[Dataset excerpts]
[Start of section]

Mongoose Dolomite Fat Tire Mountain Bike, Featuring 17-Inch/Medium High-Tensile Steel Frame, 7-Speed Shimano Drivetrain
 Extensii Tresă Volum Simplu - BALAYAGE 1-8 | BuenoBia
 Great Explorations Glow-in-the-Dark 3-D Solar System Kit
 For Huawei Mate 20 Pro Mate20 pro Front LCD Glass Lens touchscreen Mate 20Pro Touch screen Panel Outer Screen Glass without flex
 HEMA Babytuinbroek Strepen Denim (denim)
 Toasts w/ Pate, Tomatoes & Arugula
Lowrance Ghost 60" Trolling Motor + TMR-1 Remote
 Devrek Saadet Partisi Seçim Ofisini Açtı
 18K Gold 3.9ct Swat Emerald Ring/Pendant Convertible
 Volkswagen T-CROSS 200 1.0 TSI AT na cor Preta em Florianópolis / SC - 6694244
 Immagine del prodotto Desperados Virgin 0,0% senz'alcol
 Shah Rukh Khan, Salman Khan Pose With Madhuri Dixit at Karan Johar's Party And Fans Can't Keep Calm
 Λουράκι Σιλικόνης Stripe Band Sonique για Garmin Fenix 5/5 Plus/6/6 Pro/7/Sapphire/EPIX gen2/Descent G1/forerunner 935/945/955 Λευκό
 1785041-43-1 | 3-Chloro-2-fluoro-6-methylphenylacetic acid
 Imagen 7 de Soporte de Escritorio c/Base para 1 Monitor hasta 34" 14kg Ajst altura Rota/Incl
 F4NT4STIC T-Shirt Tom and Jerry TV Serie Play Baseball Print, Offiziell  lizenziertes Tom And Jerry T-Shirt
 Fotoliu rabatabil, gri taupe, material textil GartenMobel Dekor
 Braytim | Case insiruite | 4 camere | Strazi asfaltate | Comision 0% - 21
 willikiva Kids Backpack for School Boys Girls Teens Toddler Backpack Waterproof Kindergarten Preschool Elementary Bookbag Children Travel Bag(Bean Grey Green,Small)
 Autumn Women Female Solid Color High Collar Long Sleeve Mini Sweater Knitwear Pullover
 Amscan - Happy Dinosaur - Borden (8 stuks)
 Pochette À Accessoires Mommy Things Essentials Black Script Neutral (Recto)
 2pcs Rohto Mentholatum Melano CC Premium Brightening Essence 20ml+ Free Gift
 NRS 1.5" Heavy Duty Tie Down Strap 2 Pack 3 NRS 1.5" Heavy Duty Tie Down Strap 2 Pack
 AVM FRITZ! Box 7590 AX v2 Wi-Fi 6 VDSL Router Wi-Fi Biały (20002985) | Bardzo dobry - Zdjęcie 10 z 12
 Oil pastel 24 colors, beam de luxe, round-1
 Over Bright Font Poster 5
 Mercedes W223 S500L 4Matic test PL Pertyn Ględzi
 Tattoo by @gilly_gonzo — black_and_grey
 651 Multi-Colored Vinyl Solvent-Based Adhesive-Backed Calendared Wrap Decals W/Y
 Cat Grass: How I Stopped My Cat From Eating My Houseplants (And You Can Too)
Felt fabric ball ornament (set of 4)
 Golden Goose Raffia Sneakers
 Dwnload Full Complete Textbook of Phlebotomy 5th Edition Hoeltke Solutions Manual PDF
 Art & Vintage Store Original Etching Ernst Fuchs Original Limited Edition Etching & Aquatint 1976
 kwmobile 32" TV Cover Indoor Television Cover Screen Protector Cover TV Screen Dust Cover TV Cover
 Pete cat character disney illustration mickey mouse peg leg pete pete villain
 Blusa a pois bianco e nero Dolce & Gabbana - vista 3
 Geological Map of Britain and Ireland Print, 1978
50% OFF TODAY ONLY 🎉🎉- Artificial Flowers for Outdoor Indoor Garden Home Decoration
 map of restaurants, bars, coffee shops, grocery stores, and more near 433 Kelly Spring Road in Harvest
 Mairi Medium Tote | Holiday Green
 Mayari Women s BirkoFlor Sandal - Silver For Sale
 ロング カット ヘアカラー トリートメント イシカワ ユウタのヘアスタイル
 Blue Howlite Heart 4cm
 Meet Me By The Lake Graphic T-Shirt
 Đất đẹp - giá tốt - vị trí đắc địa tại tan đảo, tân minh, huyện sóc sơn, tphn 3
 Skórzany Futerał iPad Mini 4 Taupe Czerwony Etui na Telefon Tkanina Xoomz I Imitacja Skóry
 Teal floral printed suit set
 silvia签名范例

[End of section]

**Exercise directions:**
Would you please return all of the data exactly?

**Result below:**
Mongoose Dolomite Fat Tire Mountain Bike, Featuring 17-Inch/Medium High-Tensile Steel Frame, 7-Speed Shimano Drivetrain
 Extensii Tresă Volum Simplu - BALAYAGE 1-8 | BuenoBia
 Great Explorations Glow-in-the-Dark 3-D Solar System Kit
 For Huawei Mate 20 Pro Mate20 pro Front LCD Glass Lens touchscreen Mate 20Pro Touch screen Panel Outer Screen Glass without flex
 HEMA Babytuinbroek Strepen Denim (denim)
 Toasts w/ Pate, Tomatoes & Arugula
Lowrance Ghost 60" Trolling Motor + TMR-1 Remote
 Devrek Saadet Partisi Seçim Ofisini Açtı
 18K Gold 3.9ct Swat Emerald Ring/Pendant Convertible
 Volkswagen T-CROSS 200 1.0 TSI AT na cor Preta em Florianópolis / SC - 6694244
 Immagine del prodotto Desperados Virgin 0,0% senz'alcol
 Shah Rukh Khan, Salman Khan Pose With Madhuri Dixit at Karan Johar's Party And Fans Can't Keep Calm
 Λουράκι Σιλικόνης Stripe Band Sonique για Garmin Fenix 5/5 Plus/6/6 Pro/7/Sapphire/EPIX gen2/Descent G1/forerunner 935/945/955 Λευκό
 1785041-43-1 | 3-Chloro-2-fluoro-6-methylphenylacetic acid
 Imagen 7 de Soporte de Escritorio c/Base para 1 Monitor hasta 34" 14kg Ajst altura Rota/Incl
 F4NT4STIC T-Shirt Tom and Jerry TV Serie Play Baseball Print, Offiziell  lizenziertes Tom And Jerry T-Shirt
 Fotoliu rabatabil, gri taupe, material textil GartenMobel Dekor
 Braytim | Case insiruite | 4 camere | Strazi asfaltate | Comision 0% - 21
 willikiva Kids Backpack for School Boys Girls Teens Toddler Backpack Waterproof Kindergarten Preschool Elementary Bookbag Children Travel Bag(Bean Grey Green,Small)
 Autumn Women Female Solid Color High Collar Long Sleeve Mini Sweater Knitwear Pullover
 Amscan - Happy Dinosaur - Borden (8 stuks)
 Pochette À Accessoires Mommy Things Essentials Black Script Neutral (Recto)
 2pcs Rohto Mentholatum Melano CC Premium Brightening Essence 20ml+ Free Gift
 NRS 1.5" Heavy Duty Tie Down Strap 2 Pack 3 NRS 1.5" Heavy Duty Tie Down Strap 2 Pack
 AVM FRITZ! Box 7590 AX v2 Wi-Fi 6 VDSL Router Wi-Fi Biały (20002985) | Bardzo dobry - Zdjęcie 10 z 12
 Oil pastel 24 colors, beam de luxe, round-1
 Over Bright Font Poster 5
 Mercedes W223 S500L 4Matic test PL Pertyn Ględzi
 Tattoo by @gilly_gonzo — black_and_grey
 651 Multi-Colored Vinyl Solvent-Based Adhesive-Backed Calendared Wrap Decals W/Y
 Cat Grass: How I Stopped My Cat From Eating My Houseplants (And You Can Too)
Felt fabric ball ornament (set of 4)
 Golden Goose Raffia Sneakers
 Dwnload Full Complete Textbook of Phlebotomy 5th Edition Hoeltke Solutions Manual PDF
 Art & Vintage Store Original Etching Ernst Fuchs Original Limited Edition Etching & Aquatint 1976
 kwmobile 32" TV Cover Indoor Television Cover Screen Protector Cover TV Screen Dust Cover TV Cover
 Pete cat character disney illustration mickey mouse peg leg pete pete villain
 Blusa a pois bianco e nero Dolce & Gabbana - vista 3
 Geological Map of Britain and Ireland Print, 1978
50% OFF TODAY ONLY 🎉🎉- Artificial Flowers for Outdoor Indoor Garden Home Decoration
 map of restaurants, bars, coffee shops, grocery stores, and more near 433 Kelly Spring Road in Harvest
 Mairi Medium Tote | Holiday Green
 Mayari Women s BirkoFlor Sandal - Silver For Sale
 ロング カット ヘアカラー トリートメント イシカワ ユウタのヘアスタイル
 Blue Howlite Heart 4cm
 Meet Me By The Lake Graphic T-Shirt
 Đất đẹp - giá tốt - vị trí đắc địa tại tan đảo, tân minh, huyện sóc sơn, tphn 3
 Skórzany Futerał iPad Mini 4 Taupe Czerwony Etui na Telefon Tkanina Xoomz I Imitacja Skóry
 Teal floral printed suit set
 silvia签名范例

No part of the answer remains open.